Every record must come back unchanged, apart from the pictures, which are dropped.
**** Recorded information ****
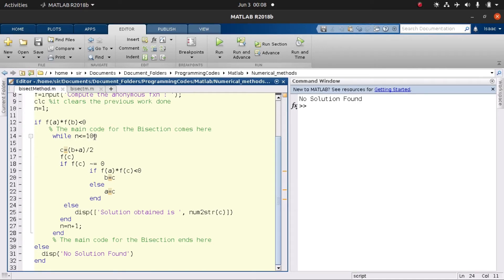So the bisection method keeps bisecting and checking points. If the product of the functional values of two points is negative, it tells us that our root lies between those two intervals.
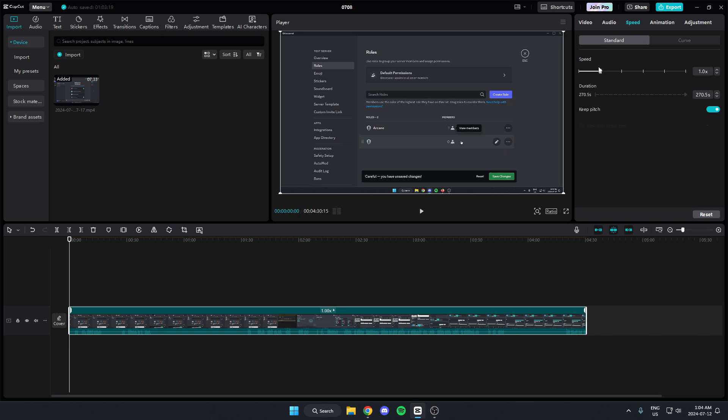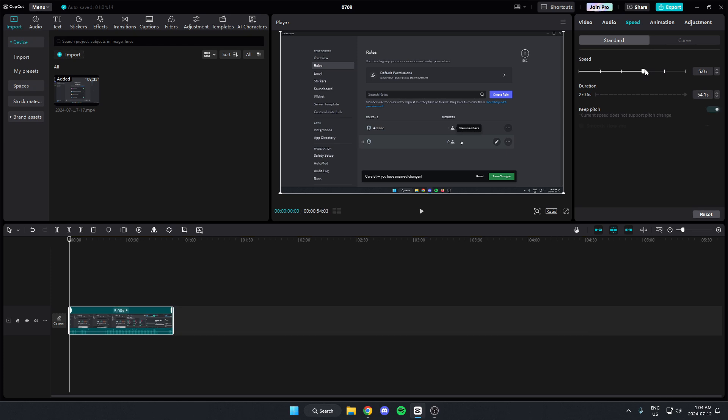And below this, there's the Speed option, and there's this bar. If you want to speed it up, you can just click and drag this to the right. You can select how much you want to speed it up by.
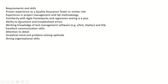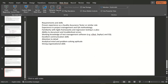Requirements and skills for this role: Proven experience as a quality assurance tester or similar role. Experience in project management and Agile methodology. Familiarity with agile frameworks and regression testing is a plus. Ability to document and troubleshoot errors. Working knowledge of test management software such as Qtest and Zephyr. SQL knowledge. Excellent communication skills. Attention to detail. Analytical mind and problem-solving attitude. Strong organizational skills.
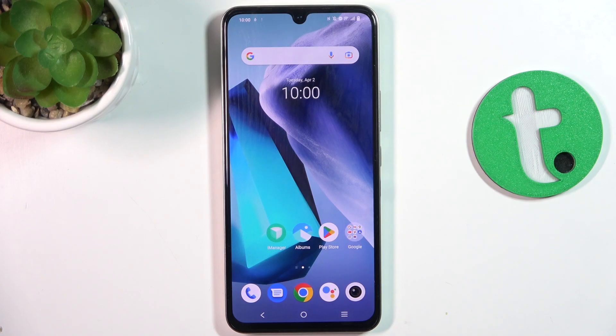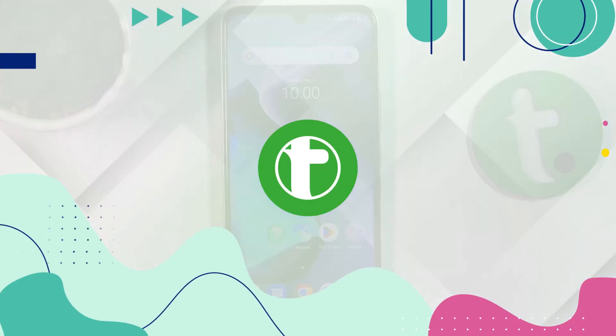Hi guys, today I'm gonna show you how to remove SIM Lock from Vivo X80 Lite.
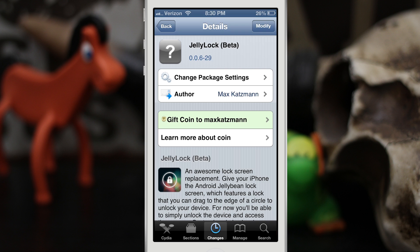Hey, what's up everybody, this is Dom and today we are checking out a Cydia tweak called JellyLock. This was created by Max Katzman and it's available in his personal repo — I'll be sure to leave that link down below. This is an Android lock screen, and as simple as you can put it, it gives you the Jelly Bean lock screen on your iOS device.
****
**Answer box**
So the bisection method keeps bisecting and checking points. If the product of the functional values of two points is negative, it tells us that our root lies between those two intervals.
And below this, there's the Speed option, and there's this bar. If you want to speed it up, you can just click and drag this to the right. You can select how much you want to speed it up by.
Requirements and skills for this role: Proven experience as a quality assurance tester or similar role. Experience in project management and Agile methodology. Familiarity with agile frameworks and regression testing is a plus. Ability to document and troubleshoot errors. Working knowledge of test management software such as Qtest and Zephyr. SQL knowledge. Excellent communication skills. Attention to detail. Analytical mind and problem-solving attitude. Strong organizational skills.
Hi guys, today I'm gonna show you how to remove SIM Lock from Vivo X80 Lite.
Hey, what's up everybody, this is Dom and today we are checking out a Cydia tweak called JellyLock. This was created by Max Katzman and it's available in his personal repo — I'll be sure to leave that link down below. This is an Android lock screen, and as simple as you can put it, it gives you the Jelly Bean lock screen on your iOS device.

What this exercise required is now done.